Pas le choix, le gouvernement De Croo a dû livrer des armes à Kiev et s’engager à augmenter ses dépenses militaires afin d’atteindre les exigences de l’Otan (2 % du PIB). Ces contorsions politiques pourraient déplaire à une partie de l’électorat de base du parti dirigé par Rajae Maouane et Jean-Marc Nollet.

Le pacifisme d’Écolo a évolué : analyse

Bien entendu, les concessions que leurs ministres ont dû accepter au sein du gouvernement fédéral indiquent également le pragmatisme dont ils sont capables. En préservant l’indépendance énergétique de la Belgique et en défendant la démocratie face à la dictature poutinienne, les écolos se sont placés du bon côté de l’histoire. Mais les électeurs leur rendront-ils grâce pour cette attitude réaliste ? On peut en douter. Les écologistes pourraient même perdre une part de leur base militante la plus fidèle, déboussolée par ces revirements.

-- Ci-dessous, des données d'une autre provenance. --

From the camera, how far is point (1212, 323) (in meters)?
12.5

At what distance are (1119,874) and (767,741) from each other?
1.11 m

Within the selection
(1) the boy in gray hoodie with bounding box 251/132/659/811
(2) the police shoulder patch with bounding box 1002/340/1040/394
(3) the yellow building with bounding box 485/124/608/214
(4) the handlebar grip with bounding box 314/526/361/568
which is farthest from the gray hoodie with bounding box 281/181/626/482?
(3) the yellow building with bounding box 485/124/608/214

Écolo, la politique “comme les autres” ?

Comme si cela ne suffisait pas, ces deux dernières semaines, Écolo a été mis sur le gril au sujet d’une autre de ses valeurs fondatrices : la bonne gouvernance, l’exigence éthique de ses mandataires. Sarah Schlitz a démissionné mercredi mais cet épisode laissera des traces. Et sera, on l’imagine aisément, exploité par les adversaires des verts lors de la campagne de 2024 : avec Écolo, ce n’est pas “la politique autrement” mais c’est la politique “comme les autres”…

Il est vrai que l’ancienne secrétaire d’État à l’Égalité des chances et son entourage n’ont pas été clairvoyants dans l’affaire du “logogate”. Lorsque la N-VA a commencé à pointer l’utilisation abusive de son logo personnel, Sarah Schlitz aurait sans doute dû réagir fortement et faire la totale transparence sur ces pratiques. À la place, elle s’est enfermée dans des explications peu convaincantes et a tenté de rester en place. Pour l’image d’Écolo, ces entorses à ses standards de bonne gouvernance sont destructrices.

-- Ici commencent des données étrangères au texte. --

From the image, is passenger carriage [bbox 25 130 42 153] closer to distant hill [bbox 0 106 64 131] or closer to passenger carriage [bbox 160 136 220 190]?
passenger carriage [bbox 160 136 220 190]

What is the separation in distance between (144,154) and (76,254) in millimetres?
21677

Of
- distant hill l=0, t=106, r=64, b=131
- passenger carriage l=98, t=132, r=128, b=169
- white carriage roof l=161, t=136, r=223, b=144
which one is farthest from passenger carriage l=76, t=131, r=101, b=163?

Dans la panique qui a saisi son cabinet, des comparaisons inacceptables ont en outre été diffusées sur les réseaux sociaux. Certains militants voyaient dans le travail du député Sander Loones (N-VA), à l’origine des révélations du logogate, un parallèle à établir avec les nazis… Ce parlementaire de l’opposition jouait pourtant son rôle démocratique. Face au scandale qu’a suscité cette contre-attaque en dessous de la ceinture, Sarah Schlitz a dû présenter ses excuses.

Les verts doublés par le PTB

De même, dans les révélations en série sur le gonflement discret des pensions des parlementaires, ce n’est pas Écolo qui a incarné la lutte pour une moralisation de la vie publique, mais le PTB. Les verts ont été doublés par ce parti “antisystème” et ne peuvent plus prétendre être à la pointe du combat en faveur de l’éthique en politique.

Le PTB va profiter des scandales entourant les bonus de pension des députés.

Ce qui n’arrange rien, les ministres Écolo, au niveau fédéral, sont en manque de visibilité. Sans doute est-ce lié à la faible consistance de leurs portefeuilles ministériels. Georges Gilkinet est vice-Premier ministre mais n’a “que” la mobilité dans ses compétences fonctionnelles. Zakia Khattabi, comme ministre du Climat et de l’Environnement, a du mal à exister face à ses homologues régionaux qui disposent des leviers d’action concrets dans ses matières.

Conscient de ces failles qui pourraient déboucher sur une défaite cuisante aux élections de 2024, l’état-major d’Écolo, dans son discours, insiste sur son horizon politique : la transition écologique et une économie tournant avec de l’énergie à 100 % renouvelable. Politiquement, cet idéal peut mobiliser. Mais il se situe sur le long terme et apparaît dès lors comme très théorique.

On le sait, les écolos perdent toujours les scrutins qui suivent leur participation au pouvoir. Arriveront-ils à déjouer cette malédiction ? Pour l’instant, ils abordent cette année préélectorale dans de très mauvaises conditions.